| TASK DESCRIPTION |
Quote the listing below in its entirety, omitting every image.

| PROVIDED RECORDS |
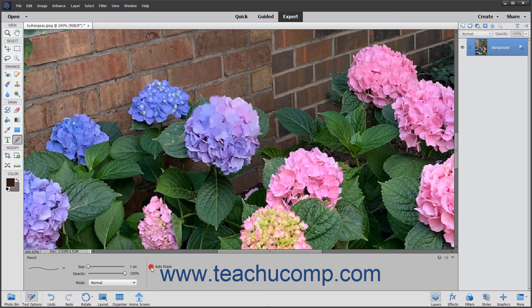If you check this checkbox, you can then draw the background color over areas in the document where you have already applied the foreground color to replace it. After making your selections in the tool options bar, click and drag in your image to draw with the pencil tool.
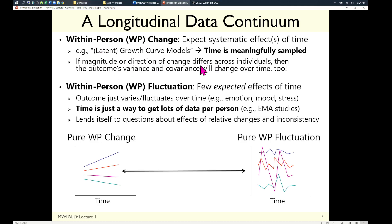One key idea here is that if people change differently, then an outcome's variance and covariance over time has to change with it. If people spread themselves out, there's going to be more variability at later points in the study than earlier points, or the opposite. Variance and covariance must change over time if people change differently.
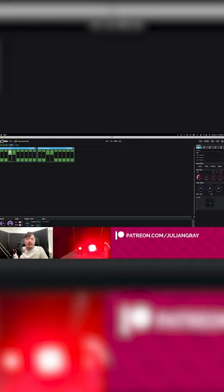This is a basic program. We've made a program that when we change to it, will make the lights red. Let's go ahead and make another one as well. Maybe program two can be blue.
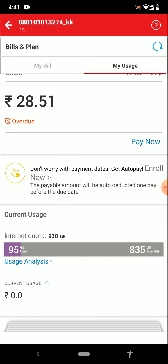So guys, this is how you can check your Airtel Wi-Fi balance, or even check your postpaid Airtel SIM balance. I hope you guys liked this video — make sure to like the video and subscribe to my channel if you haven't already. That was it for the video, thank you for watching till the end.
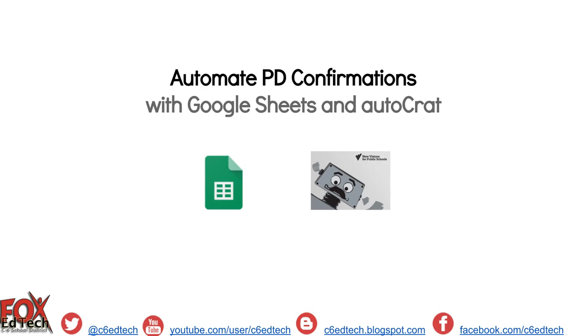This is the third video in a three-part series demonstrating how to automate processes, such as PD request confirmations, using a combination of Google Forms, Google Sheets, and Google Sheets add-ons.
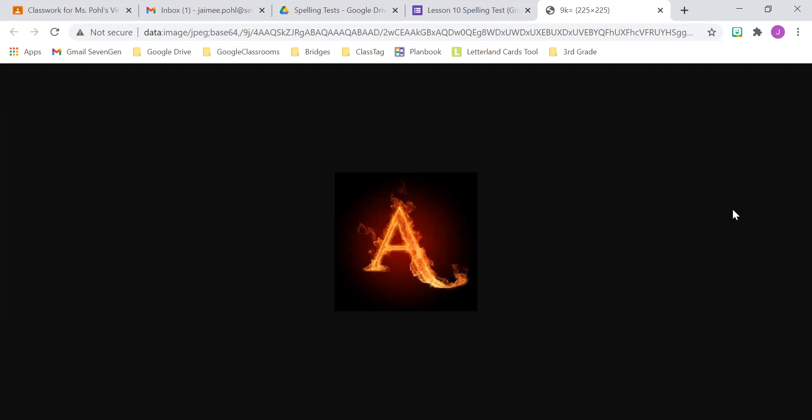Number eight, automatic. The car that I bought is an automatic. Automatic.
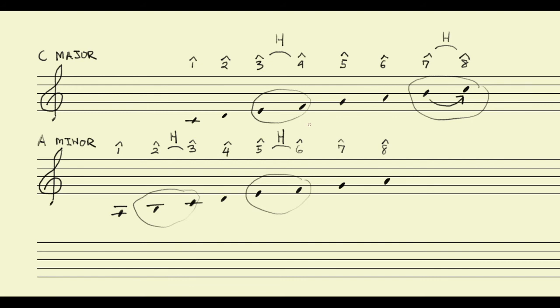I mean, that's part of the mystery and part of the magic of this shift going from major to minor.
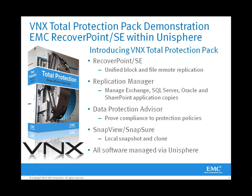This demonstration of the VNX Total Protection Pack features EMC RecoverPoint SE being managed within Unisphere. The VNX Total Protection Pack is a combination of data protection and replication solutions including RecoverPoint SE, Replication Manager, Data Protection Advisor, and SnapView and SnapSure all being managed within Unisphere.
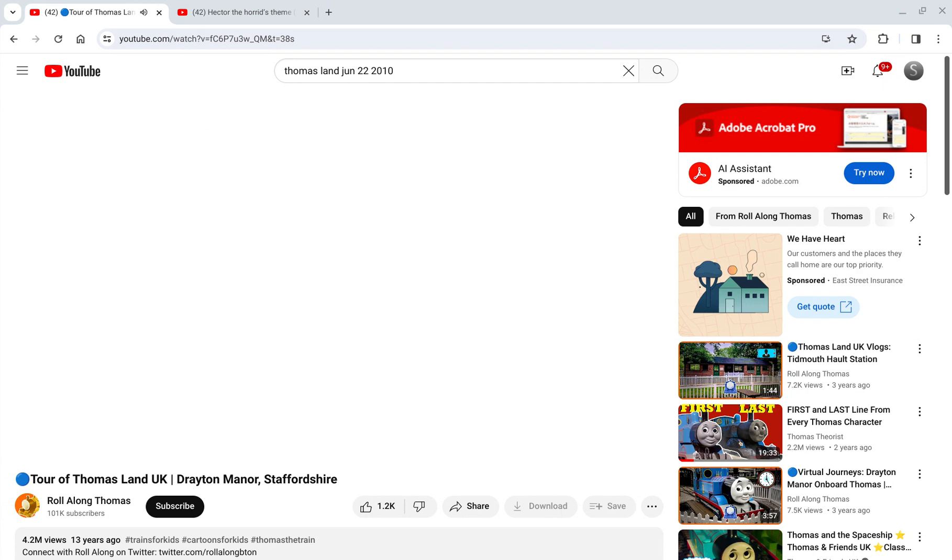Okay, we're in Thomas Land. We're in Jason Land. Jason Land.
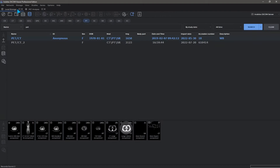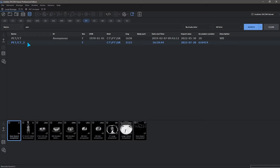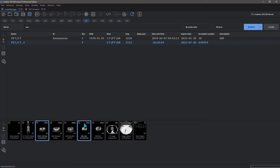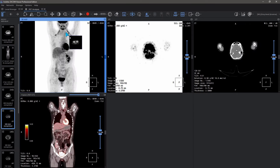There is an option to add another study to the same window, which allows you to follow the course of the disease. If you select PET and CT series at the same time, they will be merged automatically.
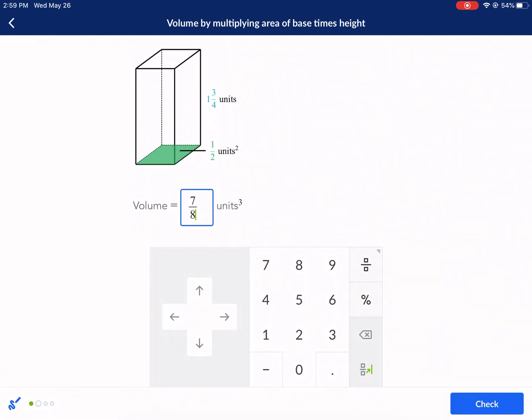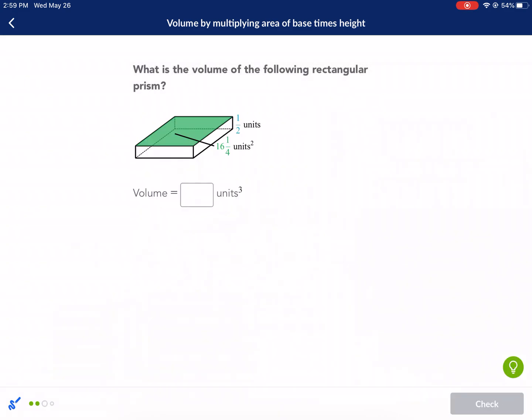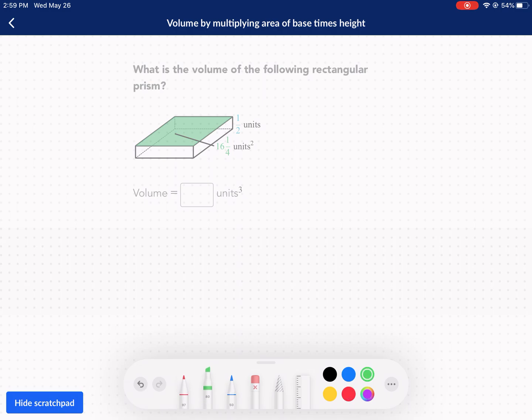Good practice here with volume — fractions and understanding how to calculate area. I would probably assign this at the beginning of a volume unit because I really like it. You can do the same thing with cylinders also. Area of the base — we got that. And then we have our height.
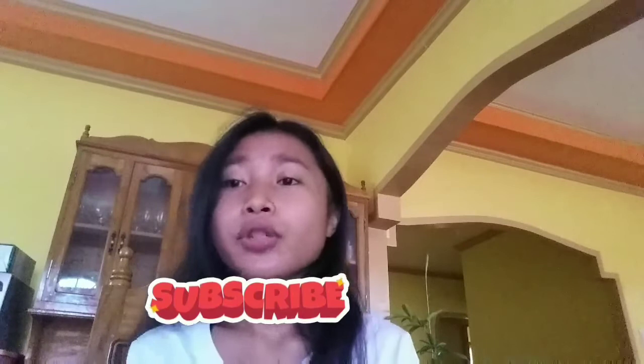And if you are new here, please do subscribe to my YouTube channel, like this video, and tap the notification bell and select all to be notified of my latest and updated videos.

| OUTPUT OF THE EXERCISE |
If you check this checkbox, you can then draw the background color over areas in the document where you have already applied the foreground color to replace it. After making your selections in the tool options bar, click and drag in your image to draw with the pencil tool.
One key idea here is that if people change differently, then an outcome's variance and covariance over time has to change with it. If people spread themselves out, there's going to be more variability at later points in the study than earlier points, or the opposite. Variance and covariance must change over time if people change differently.
This is a basic program. We've made a program that when we change to it, will make the lights red. Let's go ahead and make another one as well. Maybe program two can be blue.
So guys, this is how you can check your Airtel Wi-Fi balance, or even check your postpaid Airtel SIM balance. I hope you guys liked this video — make sure to like the video and subscribe to my channel if you haven't already. That was it for the video, thank you for watching till the end.
This is the third video in a three-part series demonstrating how to automate processes, such as PD request confirmations, using a combination of Google Forms, Google Sheets, and Google Sheets add-ons.
Number eight, automatic. The car that I bought is an automatic. Automatic.
I mean, that's part of the mystery and part of the magic of this shift going from major to minor.
This demonstration of the VNX Total Protection Pack features EMC RecoverPoint SE being managed within Unisphere. The VNX Total Protection Pack is a combination of data protection and replication solutions including RecoverPoint SE, Replication Manager, Data Protection Advisor, and SnapView and SnapSure all being managed within Unisphere.
Okay, we're in Thomas Land. We're in Jason Land. Jason Land.
There is an option to add another study to the same window, which allows you to follow the course of the disease. If you select PET and CT series at the same time, they will be merged automatically.
Good practice here with volume — fractions and understanding how to calculate area. I would probably assign this at the beginning of a volume unit because I really like it. You can do the same thing with cylinders also. Area of the base — we got that. And then we have our height.
And if you are new here, please do subscribe to my YouTube channel, like this video, and tap the notification bell and select all to be notified of my latest and updated videos.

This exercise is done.